The growth in ties applies as well to the private sector, the director continued, saying, “We also are looking to bring new entrants, new capabilities on board.” This fall, the NRO plans to announce an additional phenomenology for their next solicitation area, building off last year’s inaugural acquisition measure called the Broad Agency Announcement (BAA) Framework for Strategic Commercial Enhancements. The first part of that effort brought in commercial space-based radar, with contracts to Airbus, U.S.; Capella Space; ICEYE, U.S.; PredaSAR; and Umbra. “Space-based radar is critical for anything that we do,” Scolese shared. “The Earth gets cloudy at times, and then radar certainly gives us an advantage there.”

Future phenomenologies could include hyperspectral imagery, radio frequency remote sensing or emerging electro-optical capabilities.

Additionally, the NRO plans to annually host an event where companies can bring in their solutions and meet with NRO leaders to clarify demand signals and technical interests “so that we can engage early, prior to having to award contracts,” Scolese said. “They can understand what the government’s needs are, and we can understand what their capabilities are so that when it comes time to go off and have a contract like we have with electro-optical imagery from radar, they’ll be ready and we’ll be ready.”

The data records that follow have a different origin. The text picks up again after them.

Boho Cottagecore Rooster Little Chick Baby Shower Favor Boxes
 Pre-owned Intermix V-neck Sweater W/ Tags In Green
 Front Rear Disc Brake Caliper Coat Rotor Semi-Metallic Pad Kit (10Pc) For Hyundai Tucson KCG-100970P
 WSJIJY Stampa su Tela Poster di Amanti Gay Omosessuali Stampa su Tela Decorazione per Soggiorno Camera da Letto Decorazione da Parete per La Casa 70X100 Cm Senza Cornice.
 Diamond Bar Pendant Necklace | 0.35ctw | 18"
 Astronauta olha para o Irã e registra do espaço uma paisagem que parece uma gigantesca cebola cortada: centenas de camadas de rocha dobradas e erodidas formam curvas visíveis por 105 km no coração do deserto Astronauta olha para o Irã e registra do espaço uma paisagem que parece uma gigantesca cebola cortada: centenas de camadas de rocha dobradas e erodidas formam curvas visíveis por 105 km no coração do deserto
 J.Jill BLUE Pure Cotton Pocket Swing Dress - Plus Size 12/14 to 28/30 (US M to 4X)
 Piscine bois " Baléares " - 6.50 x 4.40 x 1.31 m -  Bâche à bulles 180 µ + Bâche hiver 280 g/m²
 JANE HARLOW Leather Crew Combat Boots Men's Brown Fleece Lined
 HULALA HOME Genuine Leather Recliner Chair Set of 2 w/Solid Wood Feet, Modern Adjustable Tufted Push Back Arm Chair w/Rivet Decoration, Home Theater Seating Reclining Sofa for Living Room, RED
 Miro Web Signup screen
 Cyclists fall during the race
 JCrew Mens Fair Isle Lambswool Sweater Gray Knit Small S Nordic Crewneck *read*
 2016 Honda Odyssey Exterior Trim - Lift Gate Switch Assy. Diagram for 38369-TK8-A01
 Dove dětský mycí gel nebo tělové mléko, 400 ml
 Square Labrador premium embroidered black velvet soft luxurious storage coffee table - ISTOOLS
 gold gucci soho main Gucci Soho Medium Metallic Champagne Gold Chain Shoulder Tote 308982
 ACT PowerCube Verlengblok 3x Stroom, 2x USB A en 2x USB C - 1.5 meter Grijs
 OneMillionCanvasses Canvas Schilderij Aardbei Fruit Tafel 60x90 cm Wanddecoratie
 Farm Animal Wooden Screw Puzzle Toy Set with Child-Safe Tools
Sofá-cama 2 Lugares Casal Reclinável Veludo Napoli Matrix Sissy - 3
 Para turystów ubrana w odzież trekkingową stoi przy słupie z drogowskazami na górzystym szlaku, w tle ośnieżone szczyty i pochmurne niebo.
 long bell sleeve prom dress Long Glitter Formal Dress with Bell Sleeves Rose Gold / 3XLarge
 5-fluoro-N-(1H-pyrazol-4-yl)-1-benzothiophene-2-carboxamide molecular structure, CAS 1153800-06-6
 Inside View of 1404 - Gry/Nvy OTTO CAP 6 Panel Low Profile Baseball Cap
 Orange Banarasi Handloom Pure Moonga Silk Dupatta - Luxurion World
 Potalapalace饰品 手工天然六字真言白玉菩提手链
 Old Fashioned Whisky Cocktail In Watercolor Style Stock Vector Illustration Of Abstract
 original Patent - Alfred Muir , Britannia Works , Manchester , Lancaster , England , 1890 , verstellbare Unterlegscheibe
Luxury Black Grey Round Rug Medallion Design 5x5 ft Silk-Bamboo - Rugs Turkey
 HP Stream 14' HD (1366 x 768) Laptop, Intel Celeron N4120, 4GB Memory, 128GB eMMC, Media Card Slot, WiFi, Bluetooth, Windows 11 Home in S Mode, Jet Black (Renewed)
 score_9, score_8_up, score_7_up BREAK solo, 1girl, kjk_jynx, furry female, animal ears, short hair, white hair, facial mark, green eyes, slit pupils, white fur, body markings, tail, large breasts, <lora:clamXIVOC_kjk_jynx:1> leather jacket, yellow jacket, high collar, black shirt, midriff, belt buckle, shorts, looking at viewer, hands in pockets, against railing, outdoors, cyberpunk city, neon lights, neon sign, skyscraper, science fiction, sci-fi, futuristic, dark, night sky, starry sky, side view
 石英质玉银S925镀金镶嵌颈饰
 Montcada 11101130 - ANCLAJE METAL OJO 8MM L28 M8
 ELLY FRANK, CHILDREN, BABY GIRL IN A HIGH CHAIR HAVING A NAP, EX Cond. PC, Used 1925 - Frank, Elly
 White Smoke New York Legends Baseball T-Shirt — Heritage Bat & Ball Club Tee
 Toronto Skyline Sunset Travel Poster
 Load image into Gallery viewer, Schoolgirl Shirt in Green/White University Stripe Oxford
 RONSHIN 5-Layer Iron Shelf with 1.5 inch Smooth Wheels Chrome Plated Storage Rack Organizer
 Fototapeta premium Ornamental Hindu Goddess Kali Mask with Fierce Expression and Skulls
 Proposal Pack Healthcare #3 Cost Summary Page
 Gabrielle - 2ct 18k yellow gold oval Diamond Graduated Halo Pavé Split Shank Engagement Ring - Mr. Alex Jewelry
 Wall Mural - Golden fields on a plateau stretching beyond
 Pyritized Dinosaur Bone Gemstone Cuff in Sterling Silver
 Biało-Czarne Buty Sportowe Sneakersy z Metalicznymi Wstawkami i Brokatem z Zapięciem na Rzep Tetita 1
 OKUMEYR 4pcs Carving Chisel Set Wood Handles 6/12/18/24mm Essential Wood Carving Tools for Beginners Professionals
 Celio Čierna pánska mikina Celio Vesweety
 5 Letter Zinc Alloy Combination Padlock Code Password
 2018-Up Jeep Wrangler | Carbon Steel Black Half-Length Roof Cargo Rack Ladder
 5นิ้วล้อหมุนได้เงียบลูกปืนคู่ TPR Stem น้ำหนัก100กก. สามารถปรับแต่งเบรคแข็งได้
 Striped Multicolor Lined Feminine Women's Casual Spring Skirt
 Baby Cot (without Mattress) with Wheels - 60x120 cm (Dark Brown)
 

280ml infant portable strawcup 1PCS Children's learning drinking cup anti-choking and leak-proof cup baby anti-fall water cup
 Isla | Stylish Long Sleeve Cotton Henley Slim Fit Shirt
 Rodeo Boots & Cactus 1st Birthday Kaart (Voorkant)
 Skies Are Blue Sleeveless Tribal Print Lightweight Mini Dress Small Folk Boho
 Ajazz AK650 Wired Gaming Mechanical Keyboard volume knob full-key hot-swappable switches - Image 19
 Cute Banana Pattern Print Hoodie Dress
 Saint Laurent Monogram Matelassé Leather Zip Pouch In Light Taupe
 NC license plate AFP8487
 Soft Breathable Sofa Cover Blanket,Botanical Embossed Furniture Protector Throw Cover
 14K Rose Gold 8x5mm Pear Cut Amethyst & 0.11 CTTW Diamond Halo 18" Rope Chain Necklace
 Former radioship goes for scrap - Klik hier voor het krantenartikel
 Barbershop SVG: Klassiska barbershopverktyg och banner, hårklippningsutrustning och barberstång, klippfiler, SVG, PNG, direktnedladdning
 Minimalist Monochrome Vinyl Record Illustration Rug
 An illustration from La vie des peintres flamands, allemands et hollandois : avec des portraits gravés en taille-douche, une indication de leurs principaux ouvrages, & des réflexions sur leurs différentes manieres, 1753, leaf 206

And while the NRO has been procuring services—such as three contracts with two companies that expanded the NRO’s geospatial imagery—the office also is moving into obtaining commercial spacecraft buses.

“We are seeing very capable buses being developed, and we’re going to take advantage of not only their buses but what they’ve learned as well because that’s going to help us reduce the cost of our constellations and allow us to do what we want to do. And the same method applies, as those buses were developed for a certain capability. We need to adapt, and they may need to adapt those a little bit, but the real advantage of working with the commercial community is to recognize that they have a very valuable product.”

Lastly, like most other space-focused agencies, the NRO is moving into cislunar space. “Cislunar space is becoming very important to the nation, particularly, as we’re seeing other nations that don’t necessarily have the best interests of our country or the world in their objectives, Scolese said. “We are in the process, along with others, in working to understand what exactly our role is going to be in cislunar space. Perhaps in a few months to a year, we’ll have a much clearer understanding of what the roles and responsibilities will be for the NRO and other organizations in cislunar space.”